Und ein anderer Könner – Dries van Noten – hatte eine ähnliche Idee.

Kopien dieser Art von Strickwaren – demnächst in einem Zara oder H&M near you.

Der Tipp des Tages an die internationale Großpolitik (natürlich auch in Bayern): Verbietet der Staat etwas, wird das Verbotene umso interessanter. Es dauert nicht lange und es ist cool. Zigaretten zum Beispiel. In den glamourösen Zeitschriften waren sie als schickes Accessoire schon fast verschwunden, jetzt tauchen sie immer häufiger wieder auf. In der aktuellen französischen Vogue gleich in zwei Fotostrecken hintereinander.

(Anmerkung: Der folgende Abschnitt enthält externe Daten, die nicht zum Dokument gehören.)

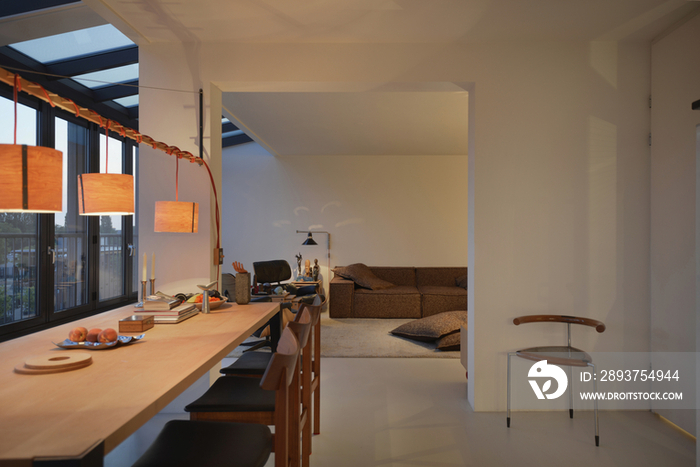 Lit lamps over dining table with living room in the background at modern house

Die weltweite Fatwa gegen Raucher scheint den Widerspruchsgeist der Fashionbranche zu wecken, die im täglichen Kampf gegen jedes Gramm Körpergewicht schon immer gerne zur Fluppe griff. Da sich bei Modeleuten Protest im Styling ausdrückt, werden Glimmstengel jetzt wieder vor Fotografen getragen. Mit sensiblem Gespür für Trends hat dies auch die extradünne französischen Voguechefin Carine Roitfeld erkannt. In einer liebevoll inszenierten Bilderstrecke „Sexy comme Kate Moss“ darf die Zigarette nicht fehlen und eine Modegeschichte später, fotografiert von dem überhippen Hedi Slimane, wird ebenfalls sehr schön gepafft. Das bayerische Rauchverbot dürfte allen Beteiligten dabei piepegal gewesen sein.

Huch, wer neigt denn da so graziös das Haupt vor dem faltigsten Sohn der internationalen Monarchie-Szene?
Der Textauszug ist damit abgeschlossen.